- Squeak the Mouse #1, featuring the principal characters, Squeak the Mouse and the unnamed cat
- Author: Massimo Mattioli
- Launch date: August 1982
- Publisher: Éditions Albin Michel
- Genre(s): Black comedy, humor, erotic, horror, pantomime comics, adult comics

= Squeak the Mouse =

Italian black comedy comics

Squeak the Mouse is an Italian adult black comedy comic strip and later comic book created by artist Massimo Mattioli. The comic depicts attempts by its title character, the anthropomorphic Squeak the Mouse, to outwit a cat who is chasing him.

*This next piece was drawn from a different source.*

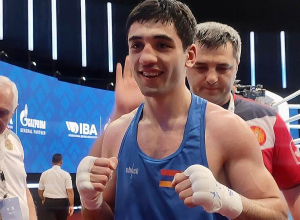 Բռնցքամարտի ԵԱ. Բազեյանն ու Բաչկովը նույնպես եզրափակիչ ուղեգիր նվաճեցին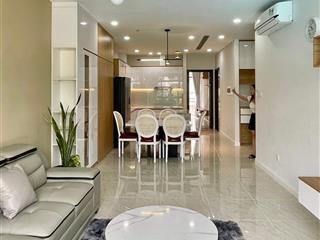 Căn hộ 2pn  2 wc 90m2 vạn phúc city. full nội thất xịn xò, view hồ bơi. giá chỉ 16 tr/th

The comic satirizes cartoon series such as Tom and Jerry, taking the content to extreme levels, which includes gore, horror, violence, and explicit sexual content.

Two issues of a Squeak the Mouse comic book were produced in 1984 and 1992, the first written from the perspective of the cat, who murders the title character, and the second, written from the perspective of Squeak, who murders the cat. Each issue features a zombie plotline and a pornographic section depicting one of the main characters in an orgy with several funny animal women. On April 18, 2019, a third issue was published on a new collection titled Squeak the Mouse: The Trilogy.

== Overview ==
Squeak the Mouse is a parody of the cartoon series, Tom and Jerry. Although the style of the drawing is typical of children comics, Squeak indulges in graphic violence, gore, splatter and pornographic scenes.

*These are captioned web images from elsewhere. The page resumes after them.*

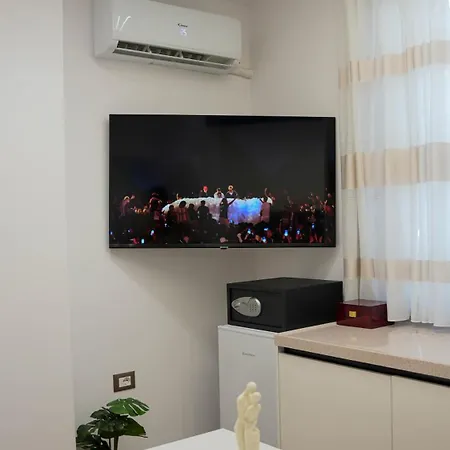 Apartmán Hrs Luxury 102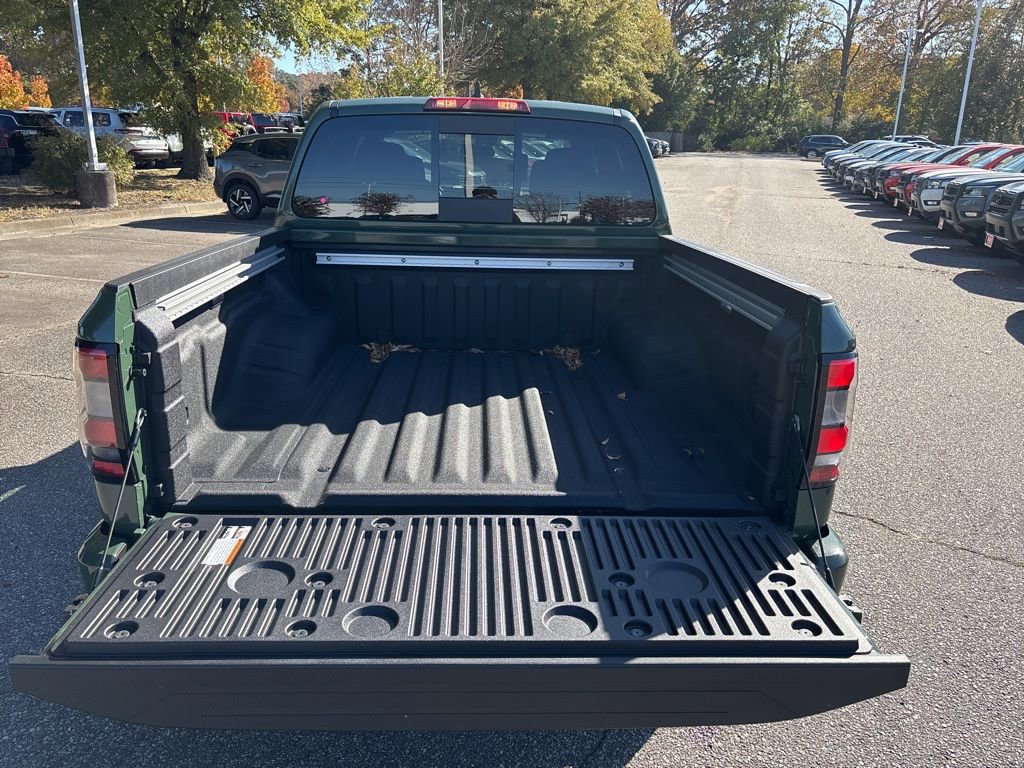 New 2026 Nissan Frontier PRO-4X w/ Pro-4x Convenience Package AWD/4WD image 16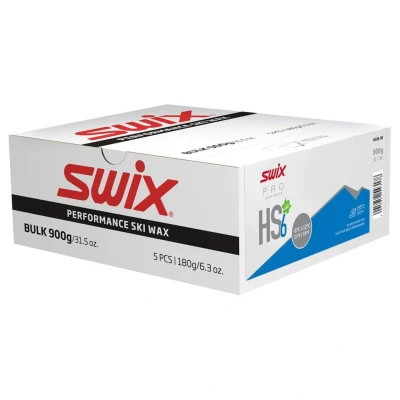 Εικόνα του Swix HS06 High Speed Wax Blue 900G Κερί για σκι και snowboard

The first issue of the series is written from the perspective of the cat, who is aggravated by Squeak the Mouse, and ultimately murders the title character. The cat goes to a party and unsuccessfully attempts to have sex with his girlfriend, and instead sleeps with another girl he meets at the party, Squeak the Mouse returns from the dead as a zombie and murders every one of the guests at the party, until the cat stops the mouse by murdering it with a blender. When the cat returns home, each of the party guests, revived as zombies, attempt to kill him, leading him to kill each of the undead in self-defense. The next day, the cat engages in an orgy with a number of beautiful women, but Squeak the Mouse returns once more and slaughters each of the women, leading the cat to kill Squeak once more before chasing after another mouse. The end of the issue assures readers that Squeak is really dead and will not return.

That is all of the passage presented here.